Particularly in periods of economic crisis, mafia groups can use their immense assets to easily infiltrate the legitimate economy. For instance, the Calabrian Ndrangheta takes in almost EUR 44 billion a year (2013). These huge sums allow the groups to inject much-needed liquidity into struggling businesses.

No legitimate business can afford to compete with criminal companies that can produce goods and services at a loss as part of a long-term strategy to take over markets.

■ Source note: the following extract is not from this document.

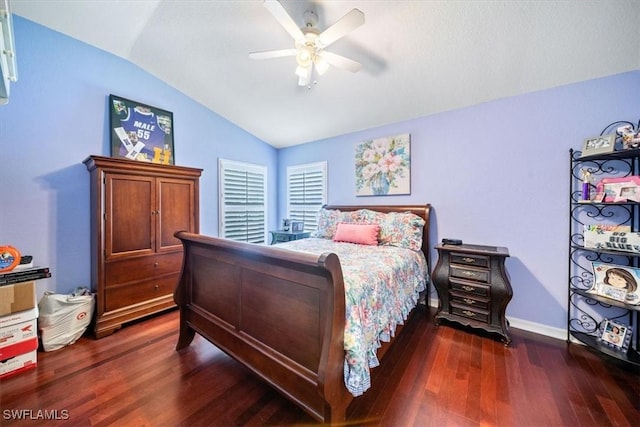 bedroom with lofted ceiling, ceiling fan, baseboards, and dark wood finished floors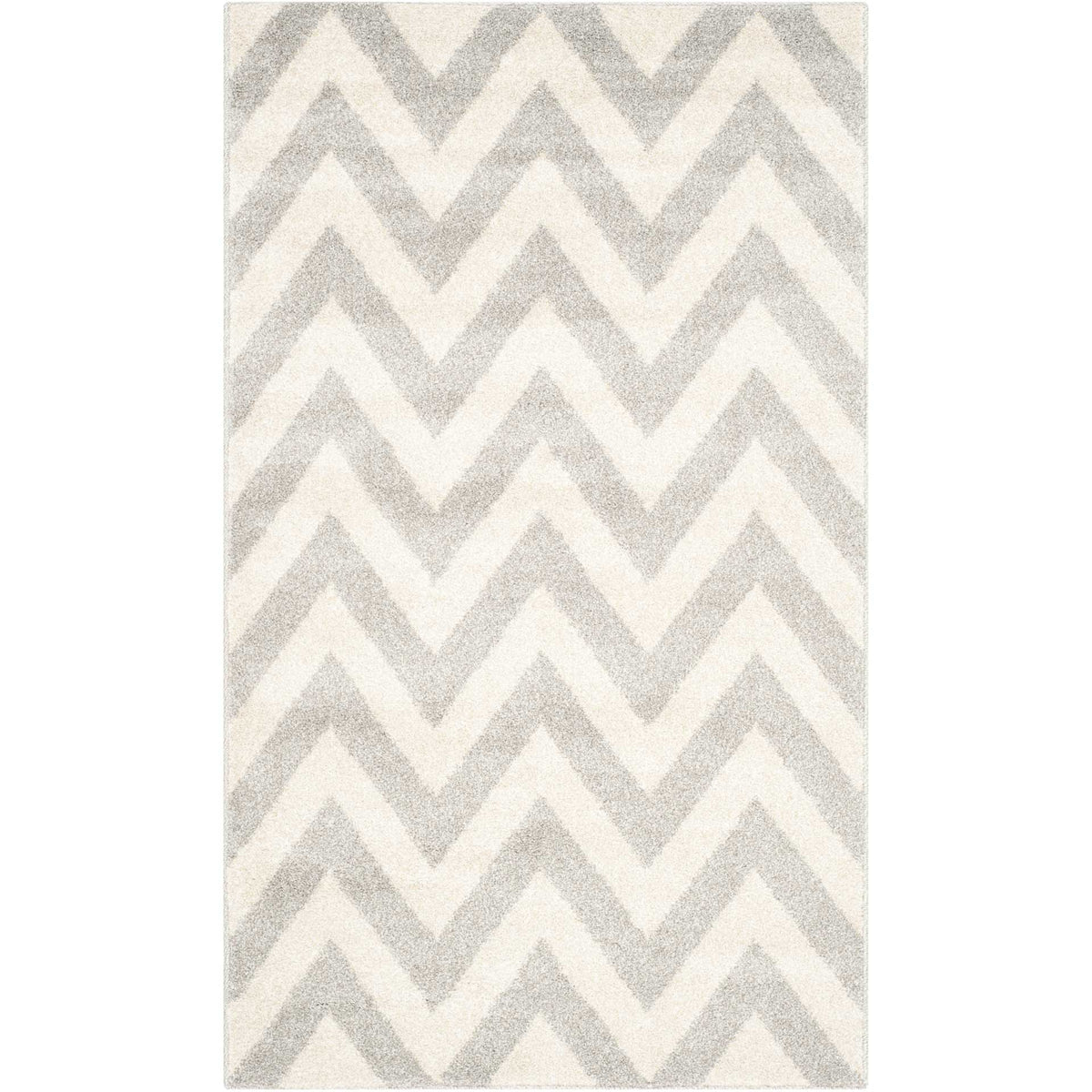 Soft gray zigzags give this small beige rug a gentle geometric accent.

Thus, mafia groups have extended their presence into parts of Italy and Europe not historically affected by organised crime, a development that could have serious negative implications for the EU economy in the long run.

Threat assessment

A 2013 threat assessment on Italian organised crime, which followed two years’ work by Europol intelligence analysts, underlined the importance of a pan-European approach and of increased cooperation to tackle these dangerous criminal groups.

The assessment concluded with a series of recommendations for law enforcement authorities and policymakers:

  • the identification, targeting and dismantling of the most dangerous mafia families and clans;
  • the harmonisation of anti-mafia legislation in the EU, so that mafia membership is criminalised and extradition requests made easier;
  • a regional/continental intelligence focus by Member States in implementing their national intelligence cycles in order to avoid important information gaps on organised crime affecting the EU generally.

Europol also set up an operational project, Focal Point ITOC, dedicated to tackling Italian organised crime groups. The project is fully supported by Italian law enforcement and judicial authorities, who have contributed their in-depth experience in the field. Many other Member States, non-EU countries and organisations such as Eurojust are also involved in the project.

Synergies

In 2016, the Italian Carabinieri, in close cooperation with Europol, arrested in Sicily two leading members of the Ceusi mafia clan, an affiliate of the Cosa Nostra criminal group, for weapons smuggling. Their arrest followed an investigation, coordinated by the local district anti-mafia directorate, that relied on the French National Police, intelligence analysis provided by Europol’s Focal Point Firearms and Italian investigators.